Calculation procedure

1. Press "Choose directory button". Select the directory with the files, generated by your Monte-Carlo program. In case of Scatter it is most likely /out folder inside SCATTER folder. It must contain SC*****.dat file. In case ofSDTrimSP the folder must contain tri.inp and partic_***.dat files.
2. ISInCa will identify the code type automatically in code type window in a bottom left section as well as the initial energy and the number of particles.
3. Choose data, that you wish to get in bottom center section. As can be seen, you can choose several types of particles (B,S,I,T,D) for several types of charts (energy spectrum, polar chart, polar map, map with E and β axes and 2 cartesian maps).
4. Note that not all types of particles are available for some codes and charts. Also you can choose whether to visualise data after calculation. Anyway, the calculated charts will be saved in /ISInCa directory inside the directory you've chosen previously. In case of SCATTER you can also convert binary SC*****.dat file to user-frienldy *.txt file with UTF-8 encoding readable by any text editor.
5. You can specify parameters of charts in corresponding tabs. AS example, for dN/dE(E) you can choose the upper energy limit, amount of dots on chart (deltaE, eV), and the solid registration angle.
6. Finally, press start calculation button and just wait the charts to appear.

In case of troubles check Help tab. You also can find there the clarification on the designation of angles. The main feature of the GUI mode os the possibility to visualize postprocessed data. For this ISInCa was equipped with JFreeChart library. It allows to create, modify and safe plots. Look at the examples for energy and polar distributions:

Structure of directories

After initiation of the ISInCa calculation it will analyse all the data in the simulation directory. After the post-pprocessing the calculated data will be saved in

./ISInCa/"SIM_TYPE"_"CALC_ID"/

where "SIM_TYPE" - is the name of the simulation code, "CALC_ID" - unique calc ID, given for each ISInCa launch for the specific folder. The "SIM_TYPE"_"CALC_ID" also would be the start for all internal file names.

So if you launched ISInCa for the same directory several times, the outputs won't be mixed up, as they would be located in directories with different CALC_ID and different prefixes of files.
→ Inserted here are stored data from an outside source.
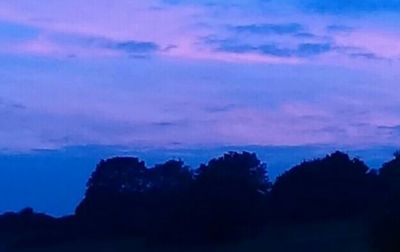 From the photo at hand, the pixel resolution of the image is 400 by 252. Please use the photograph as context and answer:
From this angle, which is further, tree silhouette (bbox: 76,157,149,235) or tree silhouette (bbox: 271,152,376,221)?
tree silhouette (bbox: 76,157,149,235)

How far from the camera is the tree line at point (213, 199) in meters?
59.0

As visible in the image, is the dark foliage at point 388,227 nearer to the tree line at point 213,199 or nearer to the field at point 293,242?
the field at point 293,242

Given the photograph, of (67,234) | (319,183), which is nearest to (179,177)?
(67,234)

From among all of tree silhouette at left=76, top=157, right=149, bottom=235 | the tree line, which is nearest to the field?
the tree line

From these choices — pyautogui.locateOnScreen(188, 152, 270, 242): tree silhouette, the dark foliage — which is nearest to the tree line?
pyautogui.locateOnScreen(188, 152, 270, 242): tree silhouette

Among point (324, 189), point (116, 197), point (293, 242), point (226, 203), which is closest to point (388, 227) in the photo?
point (293, 242)

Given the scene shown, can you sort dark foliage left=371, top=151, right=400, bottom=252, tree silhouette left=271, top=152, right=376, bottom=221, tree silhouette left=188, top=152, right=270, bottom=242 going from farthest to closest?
tree silhouette left=271, top=152, right=376, bottom=221 < tree silhouette left=188, top=152, right=270, bottom=242 < dark foliage left=371, top=151, right=400, bottom=252

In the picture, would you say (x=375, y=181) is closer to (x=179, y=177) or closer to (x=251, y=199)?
(x=251, y=199)

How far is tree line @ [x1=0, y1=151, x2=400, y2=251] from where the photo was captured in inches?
2322

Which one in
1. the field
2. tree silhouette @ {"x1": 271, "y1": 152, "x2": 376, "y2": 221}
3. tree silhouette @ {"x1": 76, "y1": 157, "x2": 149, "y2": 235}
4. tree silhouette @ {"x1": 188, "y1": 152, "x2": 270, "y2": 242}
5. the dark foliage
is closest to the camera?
the dark foliage

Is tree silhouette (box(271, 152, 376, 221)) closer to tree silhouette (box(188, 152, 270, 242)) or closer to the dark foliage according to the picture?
tree silhouette (box(188, 152, 270, 242))

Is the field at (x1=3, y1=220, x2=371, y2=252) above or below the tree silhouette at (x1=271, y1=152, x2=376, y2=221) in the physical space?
below

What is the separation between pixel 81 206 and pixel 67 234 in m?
3.91

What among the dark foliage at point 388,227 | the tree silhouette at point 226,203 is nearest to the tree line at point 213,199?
the tree silhouette at point 226,203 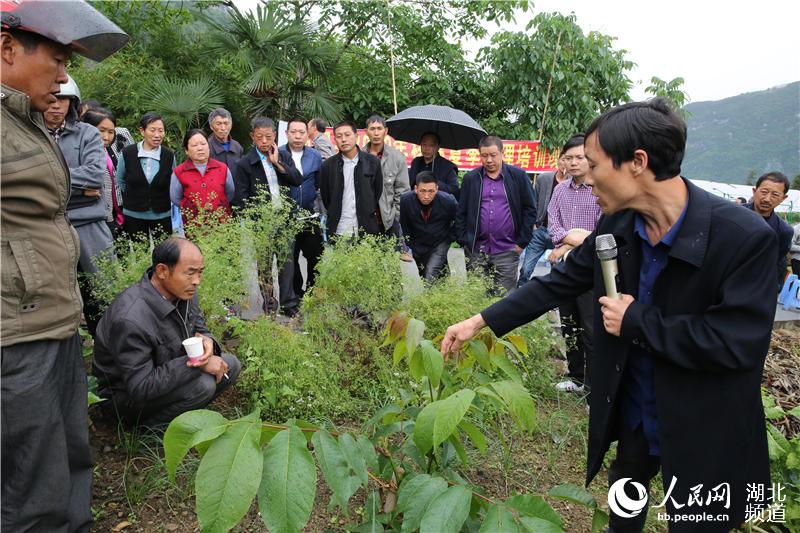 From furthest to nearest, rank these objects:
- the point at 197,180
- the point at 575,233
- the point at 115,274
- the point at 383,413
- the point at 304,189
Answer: the point at 304,189
the point at 197,180
the point at 575,233
the point at 115,274
the point at 383,413

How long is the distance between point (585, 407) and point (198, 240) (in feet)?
9.03

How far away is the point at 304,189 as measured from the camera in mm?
5562

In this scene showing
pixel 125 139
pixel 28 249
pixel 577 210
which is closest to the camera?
pixel 28 249

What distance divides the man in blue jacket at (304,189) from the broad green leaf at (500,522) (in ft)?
13.0

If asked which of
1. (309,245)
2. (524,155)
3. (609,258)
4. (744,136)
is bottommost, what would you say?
(309,245)

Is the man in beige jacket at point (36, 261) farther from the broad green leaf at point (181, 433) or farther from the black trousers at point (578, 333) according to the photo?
the black trousers at point (578, 333)

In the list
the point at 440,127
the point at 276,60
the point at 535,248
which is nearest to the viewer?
the point at 535,248

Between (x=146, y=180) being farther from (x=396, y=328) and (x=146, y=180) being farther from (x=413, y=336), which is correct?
(x=413, y=336)

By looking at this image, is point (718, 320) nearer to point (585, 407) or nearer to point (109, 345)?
point (585, 407)

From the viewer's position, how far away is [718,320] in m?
1.55

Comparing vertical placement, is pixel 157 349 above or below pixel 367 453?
below

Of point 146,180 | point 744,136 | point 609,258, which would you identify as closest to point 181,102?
point 146,180

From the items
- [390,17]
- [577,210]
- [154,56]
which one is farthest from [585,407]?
[154,56]

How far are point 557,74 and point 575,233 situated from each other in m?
7.25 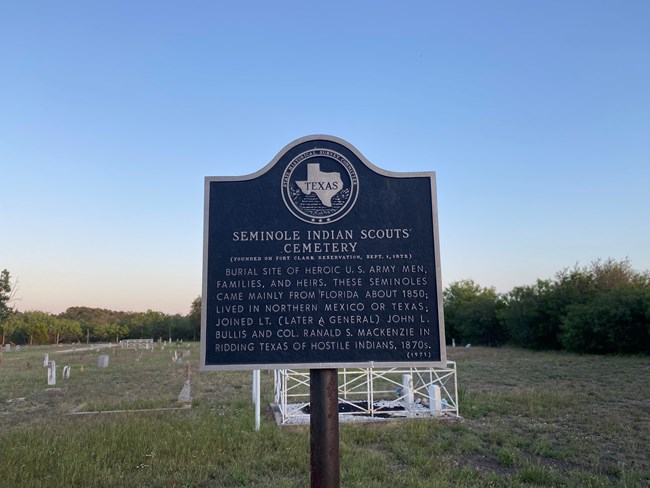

Inside the calc directory you can find "SIM_TYPE"_"CALC_ID"_summary.txt file with integral coefficients and several directories for different distributions:

./ISInCa/"SIM_TYPE"_"CALC_ID"/ENERGY/ for energy spectra

./ISInCa/"SIM_TYPE"_"CALC_ID"/POLAR/ for polar distributions

./ISInCa/"SIM_TYPE"_"CALC_ID"/ANGLEMAP/ for Polar Map N(β, φ)

./ISInCa/"SIM_TYPE"_"CALC_ID"/ENEANGMAP/ for EneAng Maps N(E, β)

Every distribution's directory contain distributions for different sorts of particles (B, S, T, I, D), depending on what was chosen in ISInCa during the configuration. You can also find there the sum of all chosen sorts ("all"). For some a .png figure are also available.

The file names start with the calculation ID in the form "SIM_TYPE"_"CALC_ID" and contain some parameters (as sort of particles, registration angle, step etc.). All calculated data files are in .txt format. Each file contain a header with detailed information.

Fun fact for attentive readers: The name of this tool is actually a reference to the artificial intelligence mentioned in russian literature project "Ethnogenesis".